↓
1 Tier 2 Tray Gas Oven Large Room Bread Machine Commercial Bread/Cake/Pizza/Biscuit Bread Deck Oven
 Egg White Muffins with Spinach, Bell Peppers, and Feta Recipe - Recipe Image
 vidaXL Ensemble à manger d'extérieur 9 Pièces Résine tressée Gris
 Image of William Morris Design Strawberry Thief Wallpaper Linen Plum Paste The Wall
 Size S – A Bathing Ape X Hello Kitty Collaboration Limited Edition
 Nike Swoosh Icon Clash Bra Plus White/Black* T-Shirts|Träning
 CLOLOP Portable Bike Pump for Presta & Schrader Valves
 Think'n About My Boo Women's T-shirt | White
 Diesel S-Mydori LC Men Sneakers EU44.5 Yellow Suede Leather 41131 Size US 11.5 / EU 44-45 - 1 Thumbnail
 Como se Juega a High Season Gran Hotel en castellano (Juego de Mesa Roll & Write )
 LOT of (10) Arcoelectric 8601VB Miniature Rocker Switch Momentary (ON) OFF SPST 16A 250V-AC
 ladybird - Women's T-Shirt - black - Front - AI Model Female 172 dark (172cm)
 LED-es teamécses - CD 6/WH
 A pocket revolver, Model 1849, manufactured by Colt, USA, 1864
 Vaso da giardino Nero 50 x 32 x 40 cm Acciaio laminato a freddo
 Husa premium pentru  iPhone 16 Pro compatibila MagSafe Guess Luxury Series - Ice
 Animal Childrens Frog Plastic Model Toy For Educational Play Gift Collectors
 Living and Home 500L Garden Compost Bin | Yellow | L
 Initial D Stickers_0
↑
__Brief__: Print out all the material above, unaltered.

__Result of this exercise__:
1 Tier 2 Tray Gas Oven Large Room Bread Machine Commercial Bread/Cake/Pizza/Biscuit Bread Deck Oven
 Egg White Muffins with Spinach, Bell Peppers, and Feta Recipe - Recipe Image
 vidaXL Ensemble à manger d'extérieur 9 Pièces Résine tressée Gris
 Image of William Morris Design Strawberry Thief Wallpaper Linen Plum Paste The Wall
 Size S – A Bathing Ape X Hello Kitty Collaboration Limited Edition
 Nike Swoosh Icon Clash Bra Plus White/Black* T-Shirts|Träning
 CLOLOP Portable Bike Pump for Presta & Schrader Valves
 Think'n About My Boo Women's T-shirt | White
 Diesel S-Mydori LC Men Sneakers EU44.5 Yellow Suede Leather 41131 Size US 11.5 / EU 44-45 - 1 Thumbnail
 Como se Juega a High Season Gran Hotel en castellano (Juego de Mesa Roll & Write )
 LOT of (10) Arcoelectric 8601VB Miniature Rocker Switch Momentary (ON) OFF SPST 16A 250V-AC
 ladybird - Women's T-Shirt - black - Front - AI Model Female 172 dark (172cm)
 LED-es teamécses - CD 6/WH
 A pocket revolver, Model 1849, manufactured by Colt, USA, 1864
 Vaso da giardino Nero 50 x 32 x 40 cm Acciaio laminato a freddo
 Husa premium pentru  iPhone 16 Pro compatibila MagSafe Guess Luxury Series - Ice
 Animal Childrens Frog Plastic Model Toy For Educational Play Gift Collectors
 Living and Home 500L Garden Compost Bin | Yellow | L
 Initial D Stickers_0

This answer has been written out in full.